**Work order**
The copy you print must match the listing exactly, with its pictures removed.

**Data**
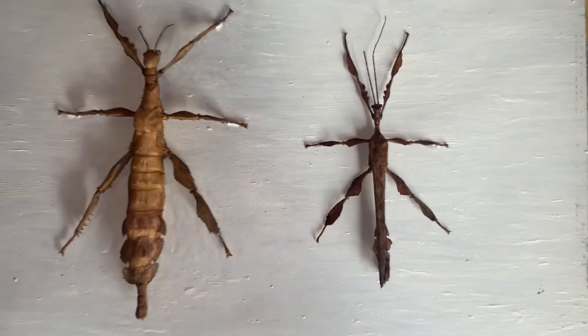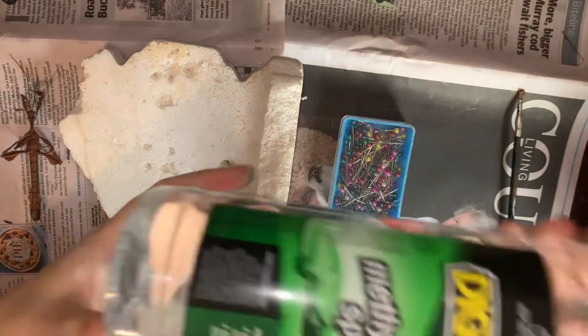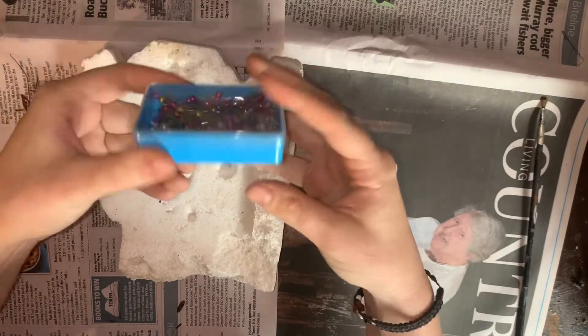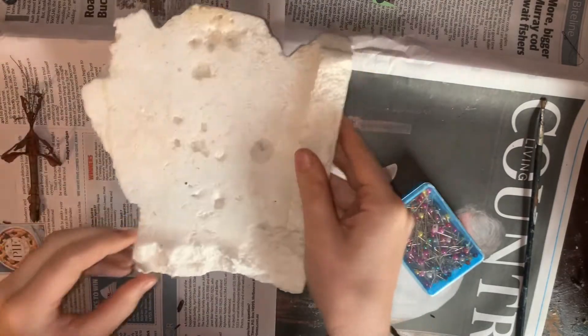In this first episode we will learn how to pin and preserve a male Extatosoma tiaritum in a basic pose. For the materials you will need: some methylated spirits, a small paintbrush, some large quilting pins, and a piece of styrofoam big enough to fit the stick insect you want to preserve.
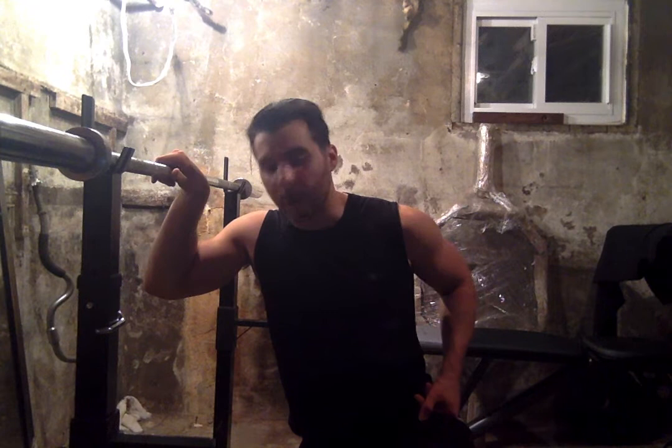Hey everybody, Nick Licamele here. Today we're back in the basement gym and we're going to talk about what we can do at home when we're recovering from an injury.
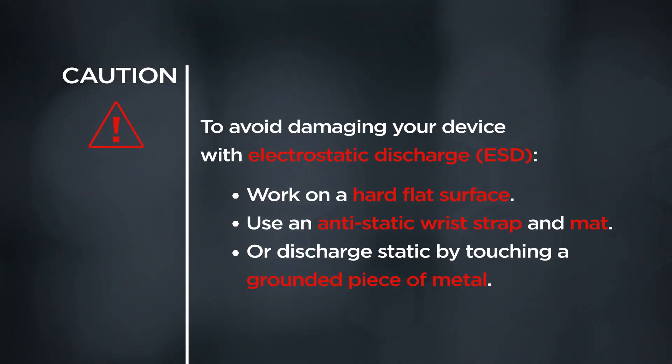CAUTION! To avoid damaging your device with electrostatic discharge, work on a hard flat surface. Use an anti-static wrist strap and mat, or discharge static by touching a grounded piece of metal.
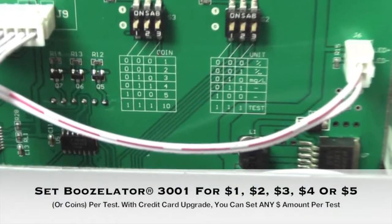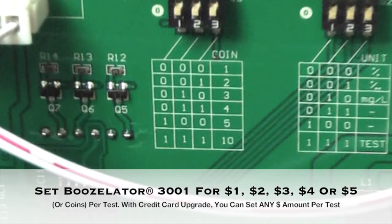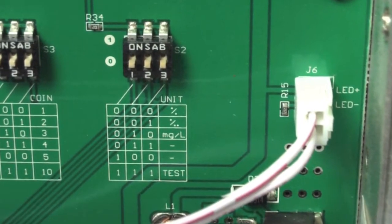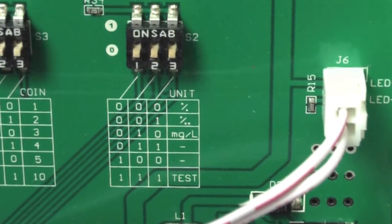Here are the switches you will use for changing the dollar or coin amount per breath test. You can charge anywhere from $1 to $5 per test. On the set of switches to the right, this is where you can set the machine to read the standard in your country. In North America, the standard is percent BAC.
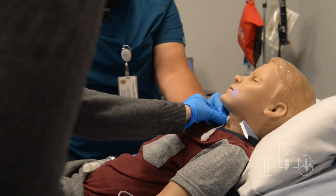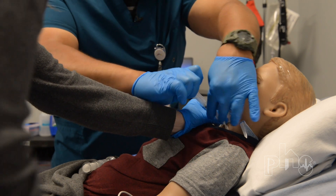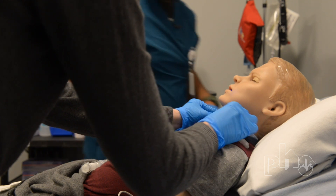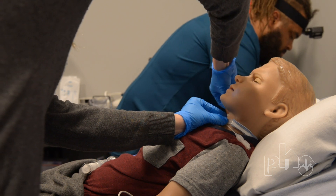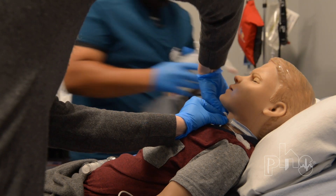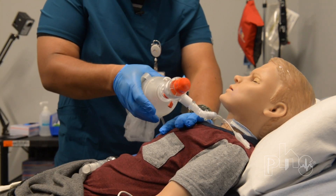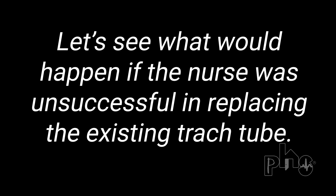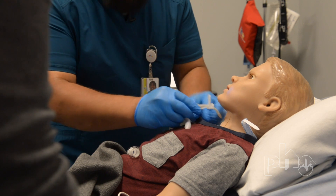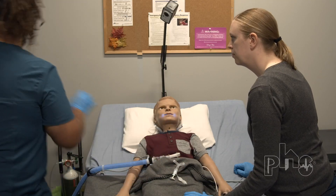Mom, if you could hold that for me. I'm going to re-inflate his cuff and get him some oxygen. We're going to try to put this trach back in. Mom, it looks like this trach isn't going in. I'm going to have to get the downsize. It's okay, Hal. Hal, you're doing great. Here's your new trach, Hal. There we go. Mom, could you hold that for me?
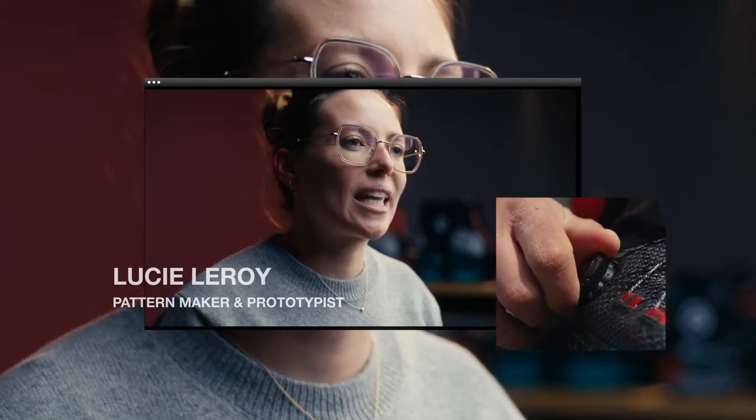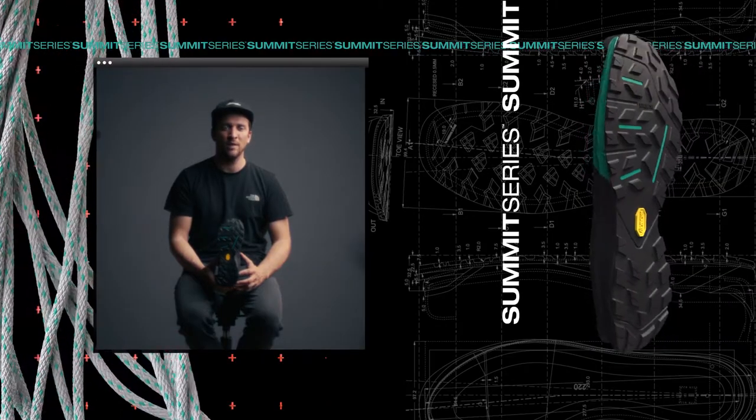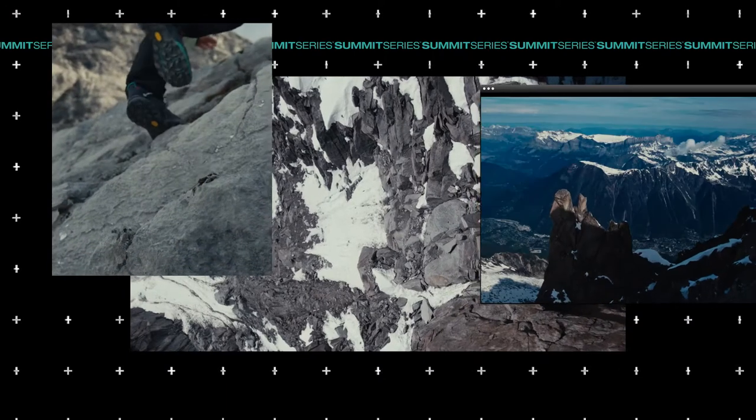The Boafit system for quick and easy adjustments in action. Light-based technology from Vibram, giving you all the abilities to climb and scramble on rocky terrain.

**Problem solution**
In this first episode we will learn how to pin and preserve a male Extatosoma tiaritum in a basic pose. For the materials you will need: some methylated spirits, a small paintbrush, some large quilting pins, and a piece of styrofoam big enough to fit the stick insect you want to preserve.
Hey everybody, Nick Licamele here. Today we're back in the basement gym and we're going to talk about what we can do at home when we're recovering from an injury.
CAUTION! To avoid damaging your device with electrostatic discharge, work on a hard flat surface. Use an anti-static wrist strap and mat, or discharge static by touching a grounded piece of metal.
Here are the switches you will use for changing the dollar or coin amount per breath test. You can charge anywhere from $1 to $5 per test. On the set of switches to the right, this is where you can set the machine to read the standard in your country. In North America, the standard is percent BAC.
Mom, if you could hold that for me. I'm going to re-inflate his cuff and get him some oxygen. We're going to try to put this trach back in. Mom, it looks like this trach isn't going in. I'm going to have to get the downsize. It's okay, Hal. Hal, you're doing great. Here's your new trach, Hal. There we go. Mom, could you hold that for me?
The Boafit system for quick and easy adjustments in action. Light-based technology from Vibram, giving you all the abilities to climb and scramble on rocky terrain.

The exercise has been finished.